As we called out in our recent newsletter, we were fascinated by the recent Hidden Brain podcast interview with anthropologist David Graeber, “BS Jobs: How Meaningless Work Wears Us Down”. The value we provide to our clients is a key motivator for us, so we were ready to dive in to the podcast in full agreement! Until, that is, the role of corporate lawyer was a poster child for a BS job.

Whoa, what?!

Enter self-doubt…Are we really making the world a better place? Is our role really just to play a ‘goon’ as Graeber categorized corporate lawyers, serving as a security measure because all the other big dogs have lawyers? Is the value we strive to provide to our clients all in our heads?

Administrative Waste

After hearing the podcast, we read Graeber’s article from 2013, which he recently developed into a book. The backdrop of his self-described rant is that our technological advances are ever-increasing our workload, our consumerism is exploding, and leisure time remains on the fringe. He then points out that industrial, agricultural, and domestic jobs have dropped over the past 100 years, while the number of employees in office jobs has tripled. And, upon closer inspection of office jobs, his take is that most of these roles are administrative noise, proving their worth through busyness.

Okay, we get that… we agree if the reduction of BS jobs meant we all have more leisure time and that society was less focused on showing up and pushing papers, everyone wins (except, as Graeber mentions, those who fear a ‘happy and productive population with free time on their hands’). We’ve experienced the waste-riddled side of corporate world, where the amount of time it takes for teams of people to do work relative to the measurable impact on the world demonstrates a ton of wasted energy.

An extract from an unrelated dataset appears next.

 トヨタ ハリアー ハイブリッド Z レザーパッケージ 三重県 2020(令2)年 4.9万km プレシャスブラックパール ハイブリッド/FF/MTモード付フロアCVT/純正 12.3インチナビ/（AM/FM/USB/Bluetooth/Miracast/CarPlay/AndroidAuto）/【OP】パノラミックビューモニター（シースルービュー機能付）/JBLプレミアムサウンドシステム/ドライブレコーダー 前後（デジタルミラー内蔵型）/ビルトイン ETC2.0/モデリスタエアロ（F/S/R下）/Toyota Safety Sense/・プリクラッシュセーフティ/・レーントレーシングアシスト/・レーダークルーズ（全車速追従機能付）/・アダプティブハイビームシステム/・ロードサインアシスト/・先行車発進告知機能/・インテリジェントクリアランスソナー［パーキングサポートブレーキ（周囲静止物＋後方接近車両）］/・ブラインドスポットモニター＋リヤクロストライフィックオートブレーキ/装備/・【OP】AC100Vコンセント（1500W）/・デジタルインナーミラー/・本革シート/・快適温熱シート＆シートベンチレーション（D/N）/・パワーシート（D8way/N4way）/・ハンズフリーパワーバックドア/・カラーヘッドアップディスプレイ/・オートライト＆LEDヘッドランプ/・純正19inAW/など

Reflection: Time vs Impact

So, we then started reflecting – what is the day-to-day work we ask of ourselves? What are we asked to do for our clients? What do we ask of others? And how many degrees of separation are there between our tasks and a direct impact on the world?

We spend the vast majority of our time writing, reviewing, and negotiating contracts. Seems like a shoo-in for a BS job, right? Not so fast! Our clients are creating and inventing some of the most innovative solutions in technology and healthcare. With a clear contract our clients save time:

  • Our clients learn how the law applies to their business

  • The goal of working together is defined

  • It is clear who will do what by when to achieve the goal

  • The cost of using the product or service is documented

  • Things that could go wrong and what to do next are laid out before something unexpected happens

We also reflected on the broader reason for our existence as a company. We serve technology companies because we love their dynamic nature, and our expertise allows us to meet their needs effectively. We created Trifecta General Counsel rather than just taking positions with big firms because we recognize that there are a lot of elements of the traditional law firm model that erode morale, waste time, and perpetuate confusion through jargon. We truly believe that there is a path to solve the kinds of problems that require lawyers without lawyers feeling worthless.

What’s Next

While we don’t feel like the Meaningless Corporate Lawyer title applies to us, we were inspired to more closely consider our work days in several ways:

  • Instead of focusing on the question, “What’s my job?”, we’d rather ask, “What do I change?” or, “Who do I help?” to keep tabs on our impact.

  • Instead of adding (or continuing) an administrative task, we think critically about it:

    • Who (specifically) benefits from this activity?

    • Is there a way it can done faster and still be effective?

  • Instead of agreeing to join a call in a ‘goon’ role (adding only the value of being the lawyer present), discuss the risks and benefits with our client first:

    • What are the worst things we can imagine happening if we weren’t on the phone?

      • How big of a deal is each one?

      • How might we mitigate them?

  • Take advantage of our flexible work environment and supportive colleagues and loosen up:

    • Set due dates that allow space in our schedules

    • Take a walk outside

    • Leave early to hang out with the kids

How meaningful do you find your job? We’d love to hear what makes people happy at work.